Abnormality Besieges Palestinians
By Juan Cole / November 12, 2008
The UN warns that it is running out of food to distribute in Gaza, putting the civilian population there at severe risk, as a direct result of an Israeli food blockade.
A food blockade? That is a war crime! Why aren’t the people ordering the malnourishment of a civilian population under foreign military occupation being arrested and taken to the Hague for trial?
I mean, people in the US are routinely arrested for animal abuse because they kept their pets malnourished. Wouldn’t it be a crime to do that to Palestinian children?
Even less dire situations are still harming the Palestinians. Jeremy Bowen of the BBC reports on the abnormal situation of the Palestinians in Hebron under Israeli occupation:
‘ When I was there last week the school’s windows were catching the morning sun as Mohammed, eight, teetered in the entrance of his home, holding on to the doorframe. He has cerebral palsy, so his big brother Amjad, 12, parks his wheelchair, puts on the brake and lifts him in. A Palestinian woman and child walk behind an Israeli soldier in Hebron Israeli troops protect the Jewish settlers, and impose restrictions on Palestinians. He’s been doing it since Mohammed started school two years ago. They wave goodbye to their mother and set off.

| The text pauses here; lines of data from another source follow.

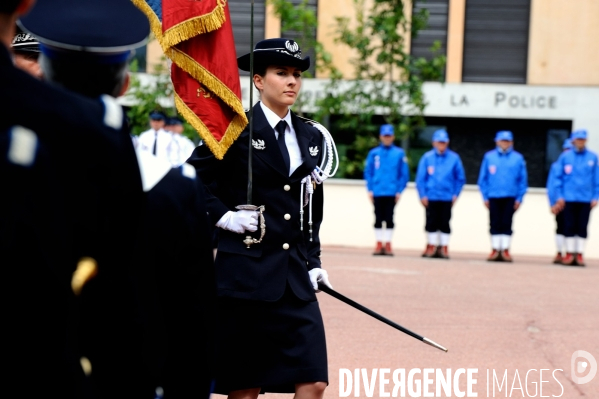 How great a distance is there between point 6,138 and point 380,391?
16.9ft

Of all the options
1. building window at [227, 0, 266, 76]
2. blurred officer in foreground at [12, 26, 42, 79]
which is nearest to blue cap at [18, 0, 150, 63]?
blurred officer in foreground at [12, 26, 42, 79]

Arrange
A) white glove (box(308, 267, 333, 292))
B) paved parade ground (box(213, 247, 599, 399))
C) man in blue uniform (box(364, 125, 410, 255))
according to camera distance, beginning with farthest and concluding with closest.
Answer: man in blue uniform (box(364, 125, 410, 255)) → paved parade ground (box(213, 247, 599, 399)) → white glove (box(308, 267, 333, 292))

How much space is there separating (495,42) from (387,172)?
42.2ft

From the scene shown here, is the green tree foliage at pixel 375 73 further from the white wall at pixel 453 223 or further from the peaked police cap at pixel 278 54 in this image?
the peaked police cap at pixel 278 54

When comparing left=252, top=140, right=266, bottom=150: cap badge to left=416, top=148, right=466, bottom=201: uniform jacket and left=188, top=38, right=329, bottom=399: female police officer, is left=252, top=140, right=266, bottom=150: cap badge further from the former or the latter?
left=416, top=148, right=466, bottom=201: uniform jacket

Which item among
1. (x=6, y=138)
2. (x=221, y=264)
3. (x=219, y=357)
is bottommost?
(x=219, y=357)

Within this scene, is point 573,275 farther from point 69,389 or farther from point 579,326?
point 69,389

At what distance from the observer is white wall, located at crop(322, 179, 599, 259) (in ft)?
61.6

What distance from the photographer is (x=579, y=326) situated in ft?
29.4

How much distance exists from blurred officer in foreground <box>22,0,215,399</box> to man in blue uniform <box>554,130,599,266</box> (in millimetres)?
14266

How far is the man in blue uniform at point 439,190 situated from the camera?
16.5m

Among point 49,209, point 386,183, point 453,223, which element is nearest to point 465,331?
point 49,209

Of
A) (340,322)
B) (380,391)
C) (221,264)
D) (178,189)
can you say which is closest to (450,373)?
(380,391)

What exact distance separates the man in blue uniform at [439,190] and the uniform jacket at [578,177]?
60.0 inches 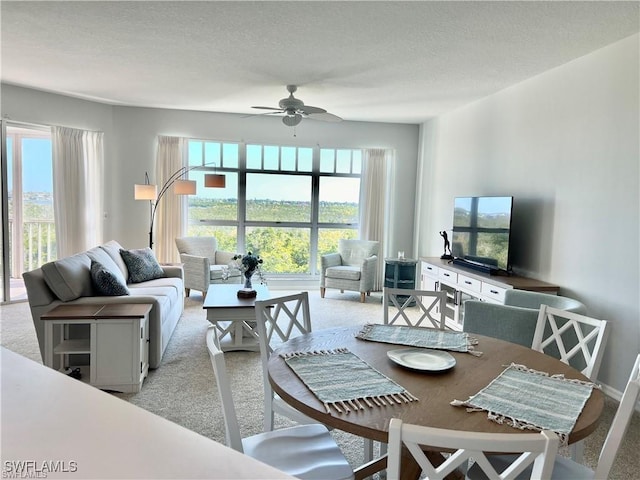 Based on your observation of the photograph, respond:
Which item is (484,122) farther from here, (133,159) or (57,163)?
(57,163)

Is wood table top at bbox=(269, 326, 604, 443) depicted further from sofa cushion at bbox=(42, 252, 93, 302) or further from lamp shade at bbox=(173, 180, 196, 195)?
lamp shade at bbox=(173, 180, 196, 195)

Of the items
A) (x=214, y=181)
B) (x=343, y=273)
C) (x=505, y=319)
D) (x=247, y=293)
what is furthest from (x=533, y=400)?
(x=214, y=181)

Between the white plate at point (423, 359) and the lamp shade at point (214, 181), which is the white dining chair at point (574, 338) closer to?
the white plate at point (423, 359)

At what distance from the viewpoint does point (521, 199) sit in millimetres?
4340

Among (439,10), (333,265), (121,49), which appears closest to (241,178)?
(333,265)

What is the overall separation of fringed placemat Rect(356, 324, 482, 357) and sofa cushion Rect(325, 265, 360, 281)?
3.80 metres

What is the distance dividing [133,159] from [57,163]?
1.00 meters

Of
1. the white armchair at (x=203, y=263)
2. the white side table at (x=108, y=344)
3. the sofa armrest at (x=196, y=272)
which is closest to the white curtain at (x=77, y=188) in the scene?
the white armchair at (x=203, y=263)

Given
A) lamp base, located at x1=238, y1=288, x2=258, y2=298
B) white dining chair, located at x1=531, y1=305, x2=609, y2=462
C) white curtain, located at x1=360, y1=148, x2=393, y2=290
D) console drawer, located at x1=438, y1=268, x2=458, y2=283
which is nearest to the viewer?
white dining chair, located at x1=531, y1=305, x2=609, y2=462

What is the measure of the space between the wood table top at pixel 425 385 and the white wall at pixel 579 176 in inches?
72.3

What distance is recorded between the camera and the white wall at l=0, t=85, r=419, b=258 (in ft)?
20.1

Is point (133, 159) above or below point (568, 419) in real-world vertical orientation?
above

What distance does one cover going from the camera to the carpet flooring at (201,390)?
242 cm

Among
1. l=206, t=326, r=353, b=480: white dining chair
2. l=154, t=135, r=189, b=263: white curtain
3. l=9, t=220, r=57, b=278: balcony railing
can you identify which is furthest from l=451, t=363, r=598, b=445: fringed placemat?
l=9, t=220, r=57, b=278: balcony railing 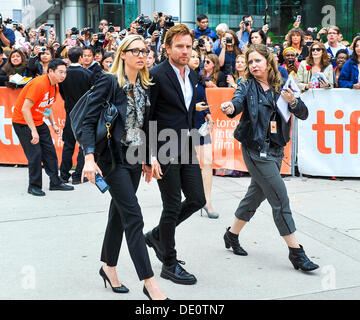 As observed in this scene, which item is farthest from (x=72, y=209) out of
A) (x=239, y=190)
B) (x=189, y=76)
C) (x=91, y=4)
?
(x=91, y=4)

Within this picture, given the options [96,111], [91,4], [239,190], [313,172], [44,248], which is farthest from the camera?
[91,4]

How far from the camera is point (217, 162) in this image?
8578mm

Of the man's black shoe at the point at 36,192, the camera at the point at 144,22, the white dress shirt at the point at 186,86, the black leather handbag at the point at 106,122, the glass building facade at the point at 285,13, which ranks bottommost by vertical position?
the man's black shoe at the point at 36,192

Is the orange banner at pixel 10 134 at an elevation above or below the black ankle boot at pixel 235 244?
above

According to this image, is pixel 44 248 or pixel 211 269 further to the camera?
pixel 44 248

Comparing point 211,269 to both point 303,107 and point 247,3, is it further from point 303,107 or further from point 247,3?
point 247,3

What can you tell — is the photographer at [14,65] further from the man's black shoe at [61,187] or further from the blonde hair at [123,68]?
the blonde hair at [123,68]

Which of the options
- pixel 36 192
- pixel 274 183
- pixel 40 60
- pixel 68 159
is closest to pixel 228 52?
pixel 40 60

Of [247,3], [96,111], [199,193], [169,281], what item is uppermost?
[247,3]

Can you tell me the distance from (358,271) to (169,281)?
1523mm

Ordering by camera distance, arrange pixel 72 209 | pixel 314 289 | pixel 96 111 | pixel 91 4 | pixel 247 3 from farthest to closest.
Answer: pixel 91 4 < pixel 247 3 < pixel 72 209 < pixel 314 289 < pixel 96 111

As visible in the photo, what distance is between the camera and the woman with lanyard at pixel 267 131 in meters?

But they don’t turn down the alley to get to school, which should be only two minutes away, even for a boy in a wheelchair.
About the time that Mohammed was born, the Israeli army blocked the alley with a high concrete barrier.
Last week Mrs Taha told the BBC that the Israelis had ignored requests to open it to make it easier for him to get to school. The barrier was put there by the army, to make life easier and safer for the Jewish settlers who sometimes use the street on the other side. ‘
The walls and checkpoints that enclose the Palestinians often make their lives hell, but pale in significance before their continued statelessness. A stateless person ultimately has no rights, and can be robbed, relocated, and even killed with no recourse.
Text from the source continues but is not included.